In the present study, using Oliveira et al. primers, two out of the eight untypable MRSA strains were classified as SCCmec type IV, while six remained untypable.
Similar results were reported by Hanssen et al., who found strains that did not fit into the SCCmec typing, which were designated as possibly new SCCmec types.37
In the present study, three (16.67%) out of the 18 CA-MRSA strains were classified as SCCmec type IV using the schemes of Zhang et al. and those of Oliveira et al.26,28
There has been much interest in PVL, due to its involvement in severe disease among children and young adults with no known exposure to healthcare establishments.

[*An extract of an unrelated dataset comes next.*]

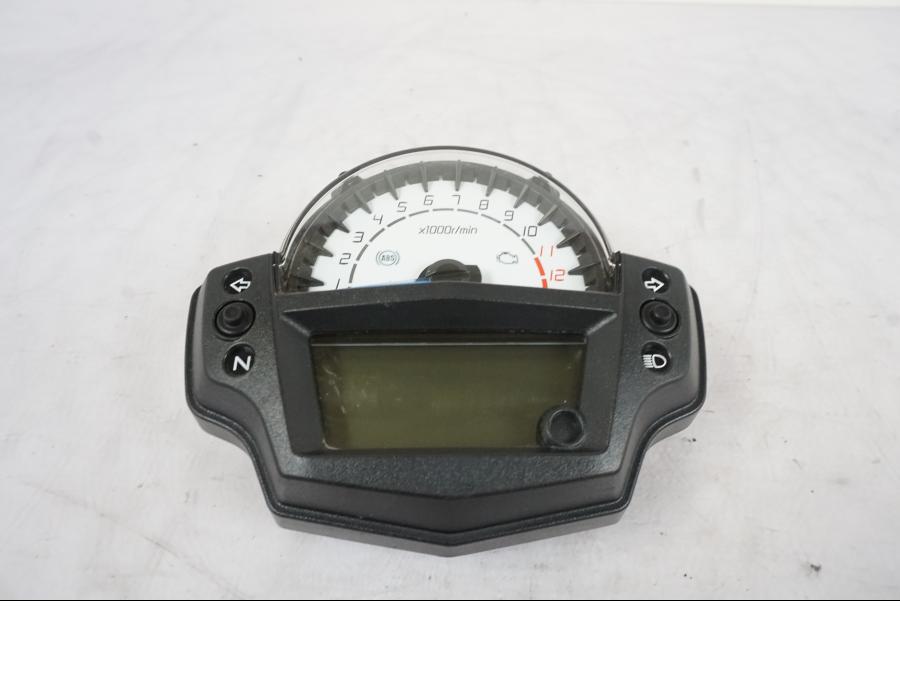 Framsidan på Instrumentpanel från en Kawasaki ER-6N -2012 motorcykel.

CA-MRSA has been reported to carry the loci for PVL at high frequency, and to be associated with the SCCmec type IV.27
In the present study, six (33.33%) out of the 18 MRSA isolates were PVL positive while among the 20 MSSA isolates only three (15%) were PVL positive. Among the six PVL positive MRSA isolates, three were SCCmecV, one SCCmecIV, and two were untypable.
In the present study, PVL positivity was not related to SCCmec typing since one third of the PVL positive strains were untypable while only 33.3% of each of type IV and V were PVL positive.

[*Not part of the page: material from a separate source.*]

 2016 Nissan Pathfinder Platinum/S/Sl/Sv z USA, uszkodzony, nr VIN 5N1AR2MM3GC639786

However, five of the PVL positive strains were sensitive to the majority of the tested antibiotics, indicating their community-acquired origin.

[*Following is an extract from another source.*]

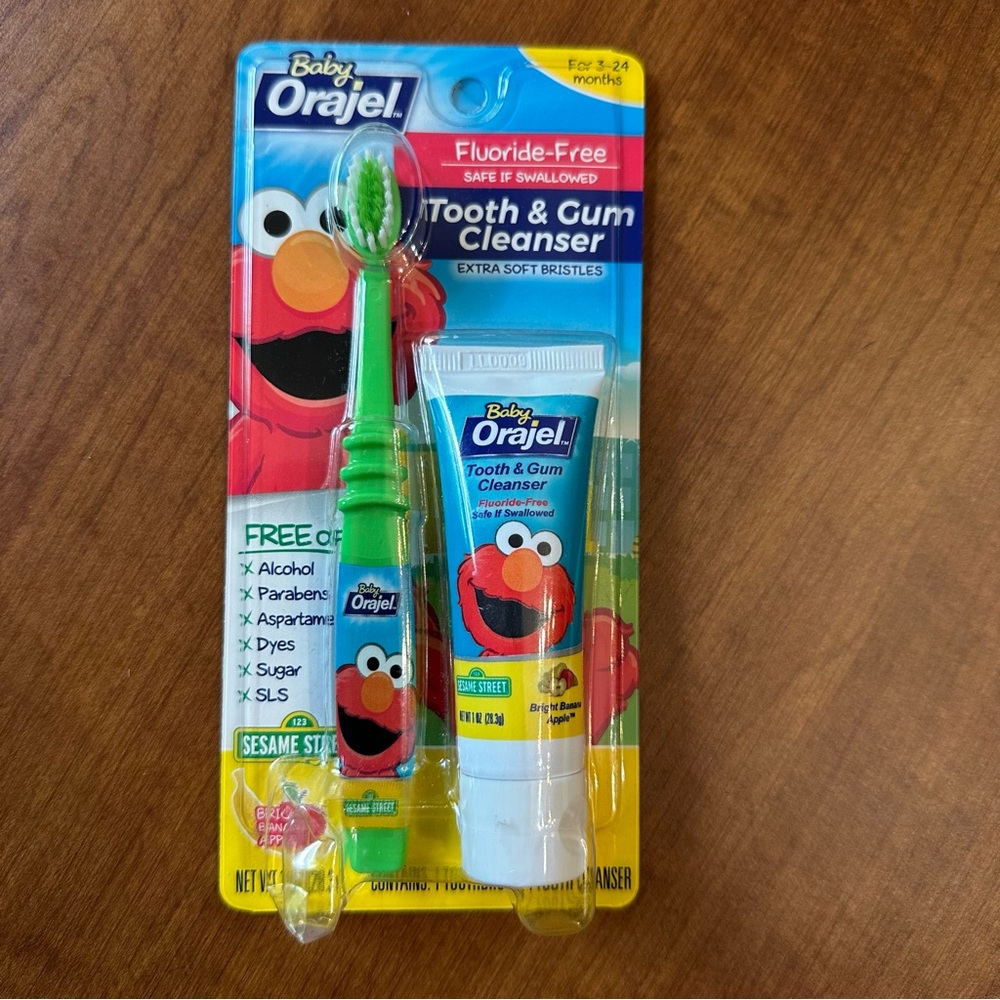 Baby Orajel Elmo Tooth & Gum Cleanser Set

More recently, cases of community-acquired pneumonia due to PVL-positive S. aureus have been reported in France, Sweden, the Netherlands, and the United Kingdom. In addition, the PVL genes have been identified as a stable marker of CA-MRSA strains worldwide.27,38
When isolates were categorized according to type of staphylococcal infection, the PVL genes were strongly associated with skin and soft tissue infections, such as abscesses, skin lesions, and boils (furuncles).27,38
Conversely, PVL genes were seldom found in the general S. aureus population, a result in concordance with a Swedish study that showed a low prevalence of PVL among S. aureus isolates from patients with primary skin infections, pneumonia, and staphylococcal bacteremia.27,38
In the present study, the combination of SCCmec typing and PVL positivity was not sufficient to identify all CA-MRSA isolates, due to the absence of PVL among several CA-MRSA strains, and due to the presence of untypable MRSA.
The combination of phenotypic characteristics in conjunction with certain antibiograms is useful to a degree, but further work is required to find a reliable marker or combination of markers to facilitate the recognition of CA-MRSA. It appears that, to date, there is no unique marker or combination of markers that can substitute for descriptive epidemiology in the recognition of CA-MRSA.
The nasal swab was positive for CA-MRSA in every patient who was positive for CA-MRSA skin and soft tissue infection, demonstrating that colonization is a predisposing factor for infection with CA-MRSA.
Conflict of interestAll authors declare to have no conflict of interest.